Recuerdo haber leído en una vieja taberna las "Elegías de Duino" de Rilke. El sabor del vermú añejo tapizando mi boca. Viejos parroquianos. Gente del barrio. Y en cuanto comienzo a leer la primera elegía se hace el silencio y sucede lo extraordinario. Una visión o una anunciación o un seísmo que hace crujir todos los instantes que se acumulan en ese reloj de arena que soy. Primera elegía:
"¿Quién me oiría, si gritase yo, desde la esfera de los ángeles?
Y aunque uno de ellos me estrechase de pronto
contra su corazón, su existencia más fuerte
me haría perecer. PUES LO HERMOSO NO ES OTRA COSA QUE EL COMIENZO
DE LO TERRIBLE EN UN GRADO QUE TODAVÍA PODEMOS SOPORTAR
y si lo admiramos tanto es solo porque, indiferente,
rehúsa aniquilarnos. Todo ángel es terrible"

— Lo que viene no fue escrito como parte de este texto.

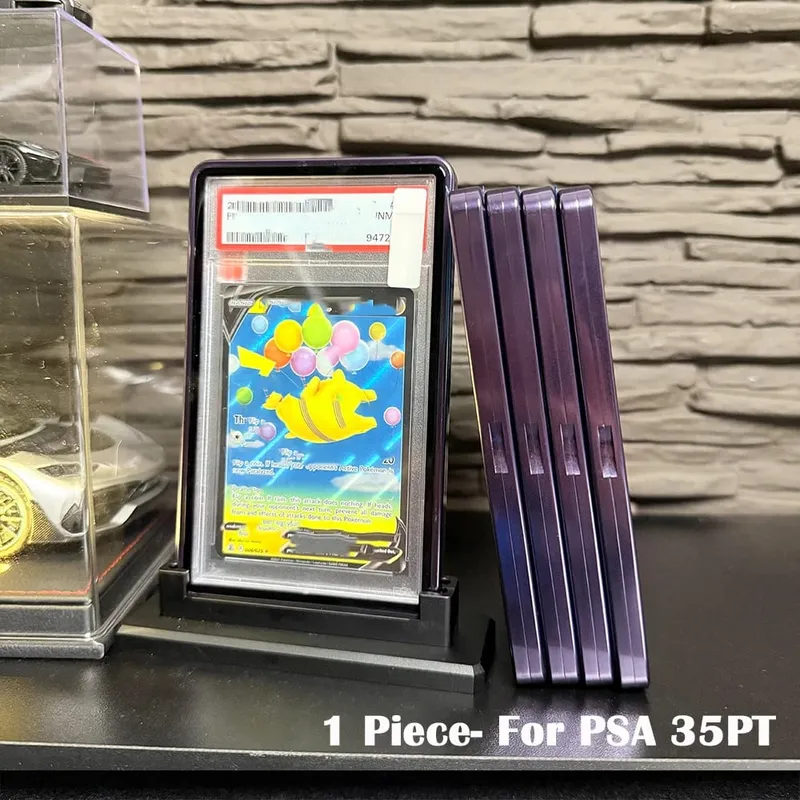 Casing Logam Tempat Pelindung Kartu Perdagangan Aloi Aluminium Warna Gradien Multiwarna untuk Kartu Bertingkat 35PT PSA CGC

Durante años estos versos me atraviesan como un viento estepario, seco, implacable. No busco ángeles, pero camino por los días intentando rastrear eso en lo que la belleza puede ser el dorso en el que se agazapa aquello que nos asusta. Y así surgen una serie de fotos. El suelo. Los suelos y todo ese mundo que palpita en ellos mientras nosotros, vanidosos bípedos, no somos capaces de percatarnos de su existencia, no somos capaces de escuchar las viejas voces, los versos herrumbrosos, los susurros del viento.
La mayoría de estas fotos han sido hechas con el móvil, en este caso un Huawei-Leica.